═════ Records for the exercise ═════

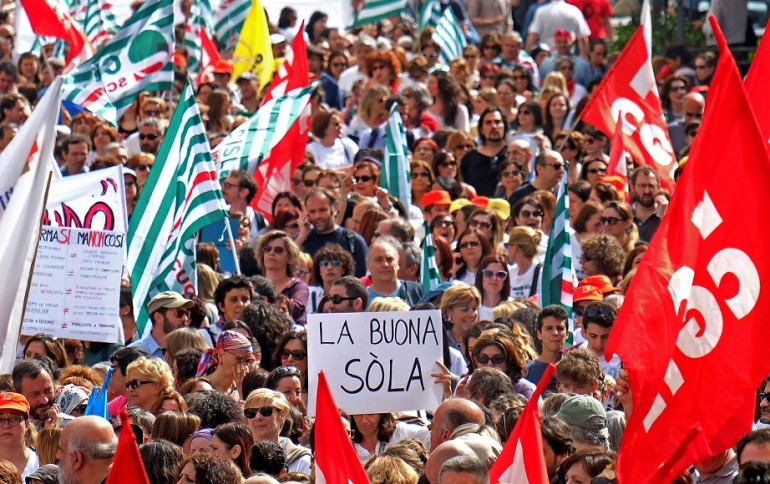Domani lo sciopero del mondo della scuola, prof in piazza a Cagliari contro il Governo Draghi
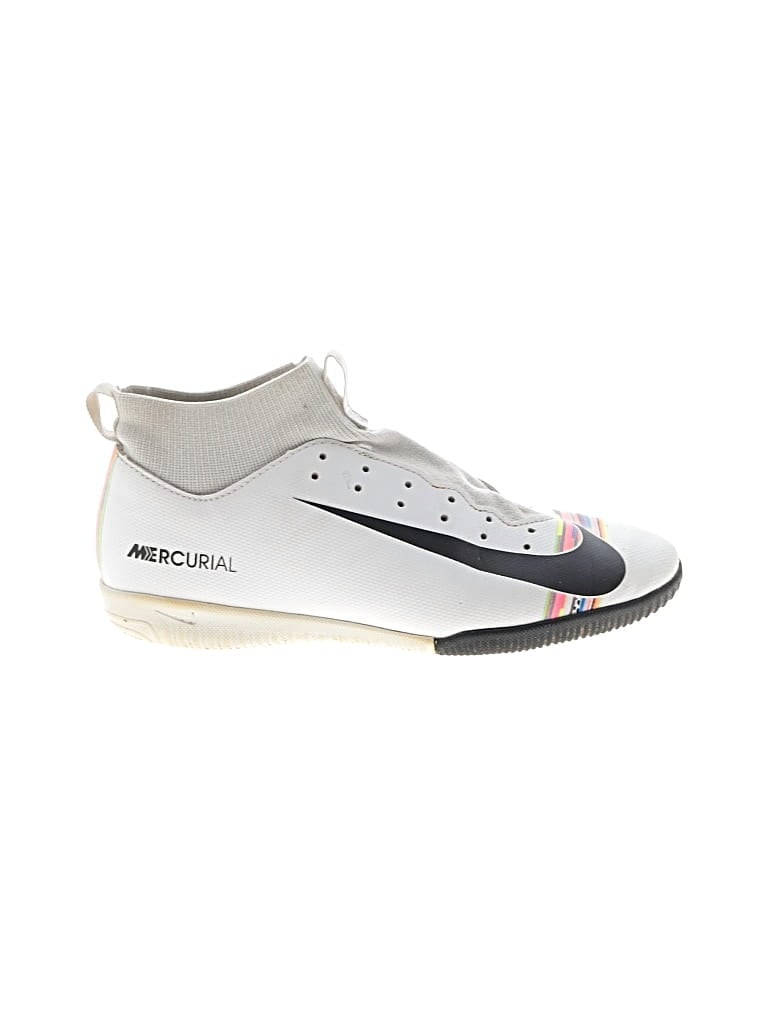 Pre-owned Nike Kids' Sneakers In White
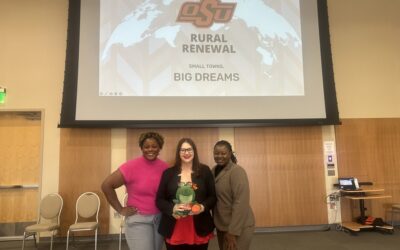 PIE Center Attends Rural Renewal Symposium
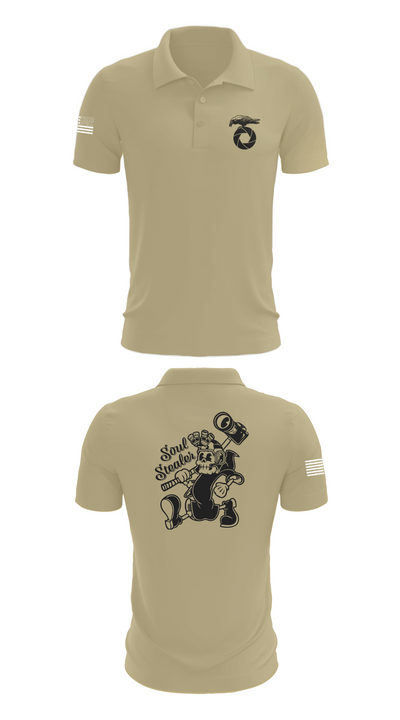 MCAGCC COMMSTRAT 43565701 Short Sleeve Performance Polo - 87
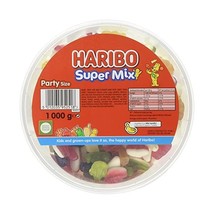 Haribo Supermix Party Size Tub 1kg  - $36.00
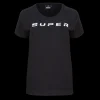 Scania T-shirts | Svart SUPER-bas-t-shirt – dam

═════
═════ Records for the exercise ═════

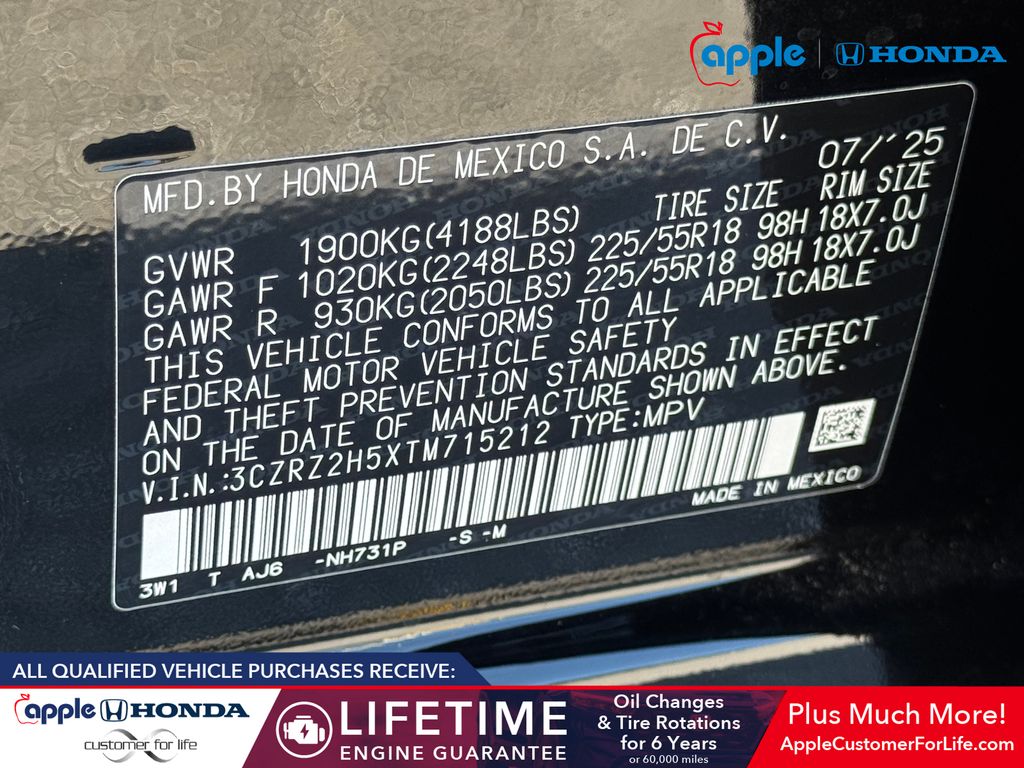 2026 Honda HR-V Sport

═════

* _Task goal_
Would you please reproduce the entries above, starting at the line with "PIE Center Attends Rural Renewal Symposium" and stopping after the line with "Scania T-shirts |"? Omit any pictures.

* _Response_
 PIE Center Attends Rural Renewal Symposium
 MCAGCC COMMSTRAT 43565701 Short Sleeve Performance Polo - 87
 Haribo Supermix Party Size Tub 1kg  - $36.00
 Scania T-shirts | Svart SUPER-bas-t-shirt – dam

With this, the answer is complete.